Após a reprodução sexuada no hospedeiro, as formas adultas liberam ovos nas fezes que são eliminadas no ambiente. Dentro dos ovos, se desenvolvem as larvas que, após serem ingeridas, são capazes de penetrar ativamente a mucosa do trato gastrointestinal, ganhando a circulação venosa e alcançando os pulmões. Nos pulmões, as larvas passam por um processo de maturação e são posteriormente deglutidas junto com as secreções respiratórias, atingindo novamente o trato gastrointestinal, onde alcançam a forma adulta. A passagem das larvas pelo pulmão pode causar uma pneumonia eosinofílica, de início agudo. Esta fase pode levar à tosse seca, broncoespasmo e infiltrados pulmonares migratórios (Síndrome de Löffler – pode ocorrer também com Strongyloides stercoralis, Ancylostoma duodenale e Necator americanus).
Quadro Clínico, Diagnóstico e Tratamento:
O quadro clínico clássico é de oclusões ou suboclusões intestinais, principalmente em crianças. A queixa de visualização de “vermes” de aspecto filiforme nas fezes também pode lever à suspeita.
Obs: Esta mesma queixa pode levantar a suspeita de teníase, pois as proglótes grávidas possuem aspecto semelhante e movimentos espontâneos.
O diagnóstico é feito pelo exame de fezes pelos métodos de Faust e Hoffman, capazes de detectar as larvas deste parasita.
Os tratamentos recomendados pela Organização Mundial de Saúde consistem na medicação com albendazol 400mg dose única, mebendazol, levamisol ou pamoato de pirantel. Outros agentes eficazes incluem tribendimidina e nitazoxanida.
Nos quadros de oclusão ou sub-oclusão intestinal, os pacientes devem ser mantidos em dieta zero, administrado óleo mineral VO e piperazine. Isto causa paralisia flácida no parasita, facilitando sua eliminação através das fezes.
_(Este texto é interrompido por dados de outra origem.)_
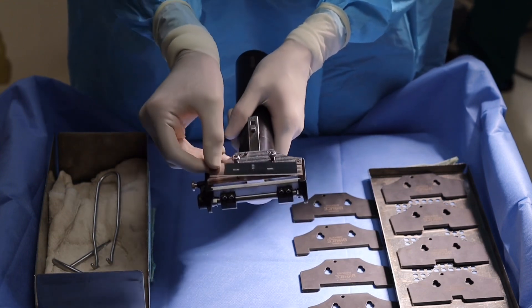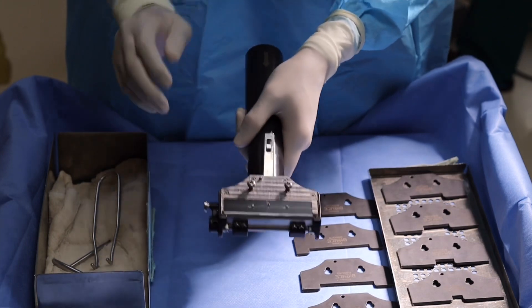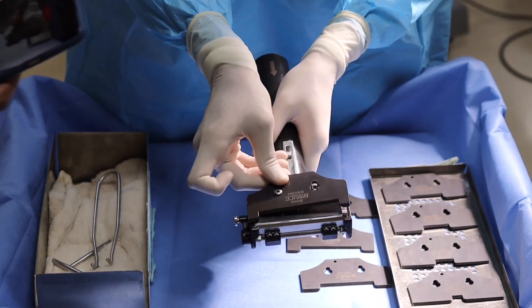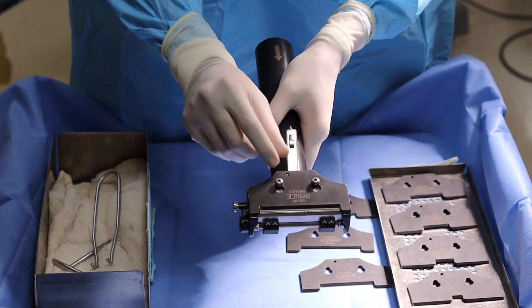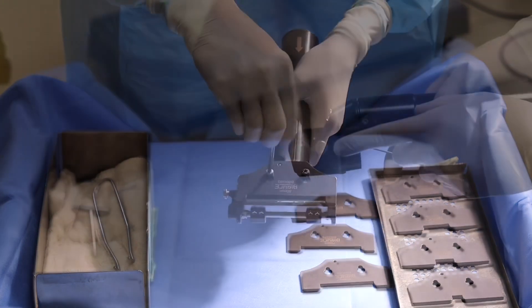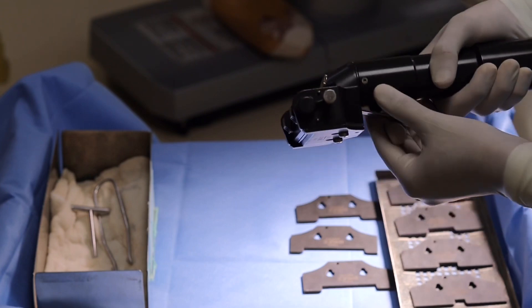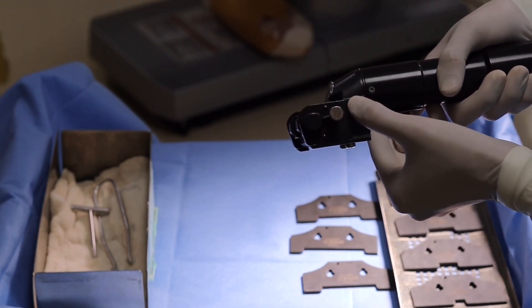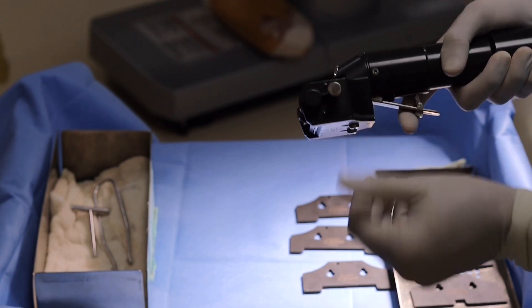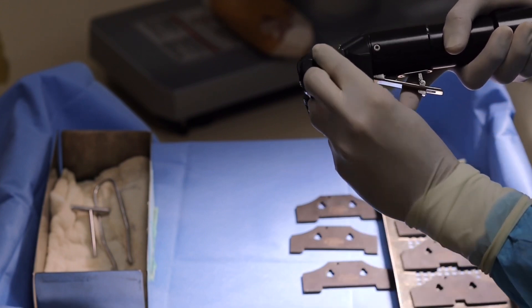Now we have to insert the blade and adjust as shown here, and take a graft plate of your preferred size. In this case I am using 80 mm, that is 8 cm graft blade, and I will fix it with screws. I will adjust the thickness by using the lever at the side of the dermatome. The thickness ranges from 0.10 mm to 1.20 mm. I kept it at 0.40 mm to harvest the intermediate thickness STSG.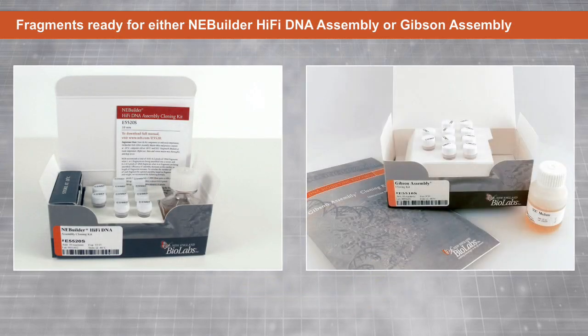After viewing these examples, you should now have an understanding of how to design primers to enable fragment assembly with either NEBuilder HiFi DNA Assembly or Gibson Assembly master mix.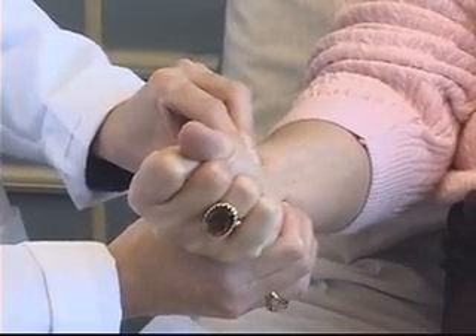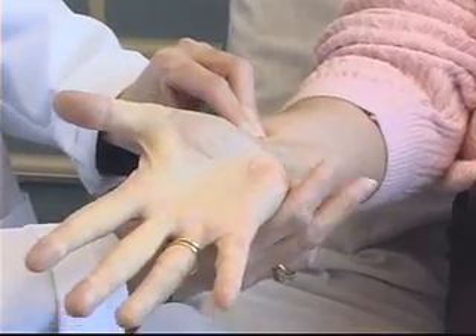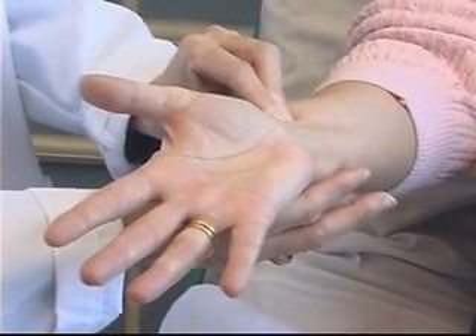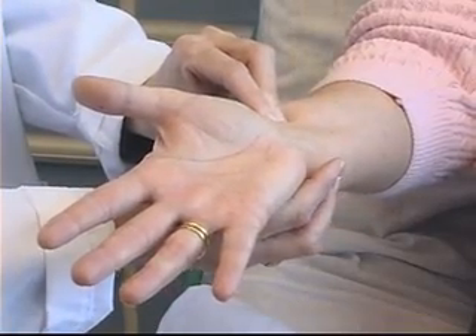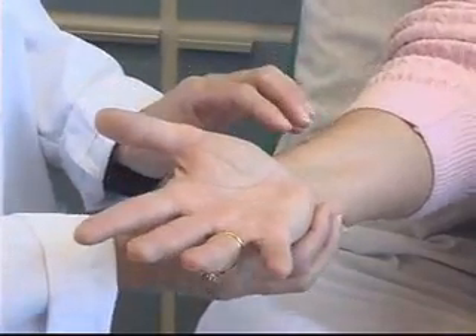After enough time has elapsed, I ask my patient to release her fist, and I release my grasp on the ulnar artery. What I'm watching for is good flow returning to that hand. The hand pinks up nicely. I now have a positive Allen's test and I am okay to proceed with the procedure.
A prevenção é feita com a melhora das condições de saneamento, melhoria do acesso sanitário e o adequado escoamento das fezes. A lavagem das mãos com sabão protege contra a infecção.
ESTRONGILOIDÍASE:
A Estrongiloidíase ou Estrongiloidose é uma infecção intestinal causada pelo nemátode Strongyloides stercoralis. Ao contrário de outros parasitas, estes nemátodes podem viver indefinidamente no solo como formas livres.
Seu ciclo é muito semelhante ao do Ascaris, no entanto, suas larvas possuem a capacidade de maturação mais rápida, eclodindo o ovo ainda dentro da luz intestinal (antes da eliminação para o ambiente). Após a eliminação para o ambiente, a larva é capaz de penetrar a pele humana ativamente, ganhando a circulação venosa e atingindo os pulmões (Síndrome de Löffler).
Devido a sua capacidade de maturação muito rápida, algumas larvas de Strongyloides evoluem para a forma infectante ainda dentro da luz intestinal, havendo penetração ativa da mucosa levando a auto-infecção que aumenta consideravelmente a carga parasitária do indivíduo. Nos pacientes com comprometimento da imunidade celular (uso de corticóides, por exemplo) a auto-infecção pode representar uma grande risco por haver aumento descontrolado da carga parasitária.
Quadro Clínico, Diagnóstico e Tratamento:
Em sua forma clínica, a estrongiloidíase pode variar desde portador assintomático, passando por sintomas leves como dor epigástrica até quadros clínicos graves como a hiperinfecção em pacientes imunocomprometidos. Nesta última, além do dano causado pelo próprio parasita aos órgãos e tecidos, há frequentemente sepse por enterobactérias que atingem a corrente sanguínea através de translocação intestinal ou associadas às larvas.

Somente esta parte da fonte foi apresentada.